Victims of Ukraine's man made famine of the 1930's


Few countries suffered as much in the 20th Century as Ukraine.[6] The catalogue of atrocities visited upon the inhabitants of a country the size of France is truly incomprehensible. Immediately following on from the disasters of the First World War and the Civil War the Bolshevik rulers in Moscow turned their attention to Ukrainian nationalism.  Beginning in 1929, over 5,000 Ukrainian scholars, scientists, cultural and religious leaders were arrested after being falsely accused of plotting an armed revolt. Those arrested were either shot without a trial or deported to prison camps in remote areas of Russia. There then followed the elimination of the wealthy peasants, ‘the Kulaks’ and the forced collectivisation of Ukrainian farming and seizure of grain, which was to be sold overseas to pay for industrialisation. The famine resulting from these actions has been estimated by Robert Conquest at 14.5 million--more than the total number of deaths for all countries in World War I.
Kharkiv Under German Occupation 
Still devastated by the famine and the years of the Stalinist Great Terror the country was then invaded by Nazi Germany in 1941. After the famine and the Great Terror some Ukrainians certainly welcomed the Germans as liberators, some even fighting for the German army.
Hitler’s however intended that the Ukraine be completely ethnically cleansed of Jews and all the rest of its Russian and Ukrainian inhabitants. The country was to become a German colony to be named Goth-land. A few Ukrainians might be permitted to remain as servants or slaves.
German Propaganda poster
presenting Hitler as the liberator
of Ukraine
It is hard to calculate the exact number of Ukrainians who died during World War 2, since no separate figures were ever kept, the Ukraine simply representing merely one constituent part of the Soviet Union; however it can be safely stated that it ran into many millions.
Ukrainian collaboration with the Nazi’s still rankles in Russia, whilst Ukrainians remember the famine and the attempts made to destroy Ukrainian language and culture. That said the relationship between Russia and the Ukraine is a multi-layered and complex one that has developed over the centuries. The Western region, incorporated as it had been into the Austro Hungarian Empire, leaning more towards the West than the Eastern districts bordering Russia. Indeed the roots of Russian civilisation lie in Kiev and Kievan Rus and many Russians regard Russia and Ukraine as one and the same. Fewer Ukrainians see things this way.
The central point being however that it is neither possible nor desirable to break the interwoven relationship between the two states, a relationship as strong and complex as that between England and Scotland.*
The roots of the current crisis can be firmly found in Moscow and the regime of Vladimir Putin, for whom the thought of a ‘stable democratic and independent Ukraine seeking prosperity through closer links with the EU, keeps him awake at night. Precisely because there is such strong cultural and historical ties with the Ukraine Putin cannot countenance Ukraine developing a healthy democracy. What a model that would provide for Russian citizens?

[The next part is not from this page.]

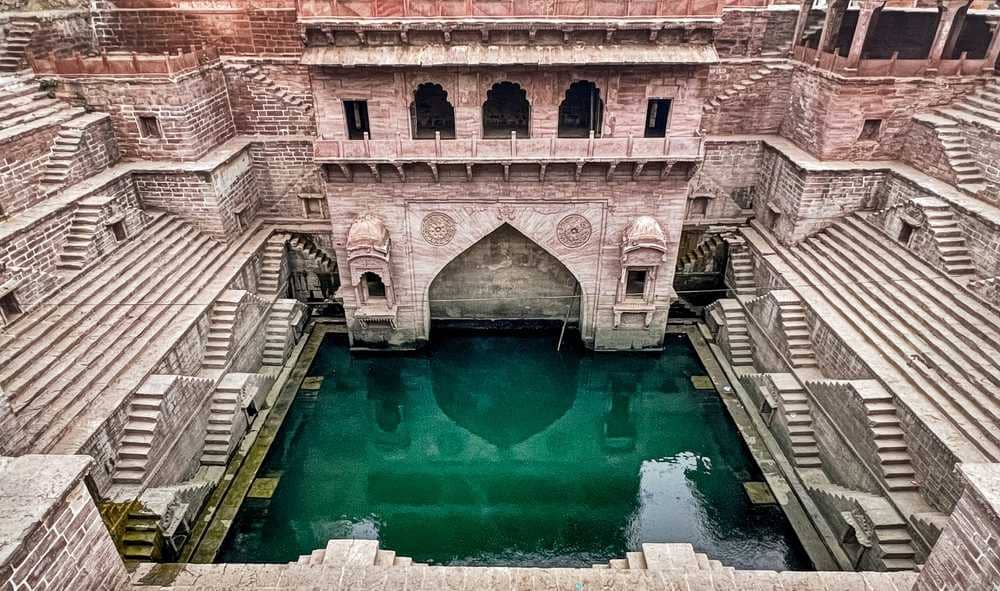 A wide view of the Toorji Ka Jhalra Bavdi stepwell in the center of Jodhpur in Rajasthan.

*Not even the fiercest Scottish Nationalist  envisage a hostile relationship with England should they achieve independence; indeed part of their case seems to be that on a day to day level little will change.   



[2] These countries often having been on the receiving end of Russian aggression understandably were reluctant to rely solely on Russian goodwill and the continuance of largely benign administrations in Moscow, -with the advent of Putin how right they were.
[4] Quoted in http://blogs.spectator.co.uk/coffeehouse/2014/03/chomsky-in-the-crimea/ I really do recommend reading this article in full

[5] Ibid
[6] The suffering of Poland was perhaps as great, that of Russia almost equal in such a hideous top ten.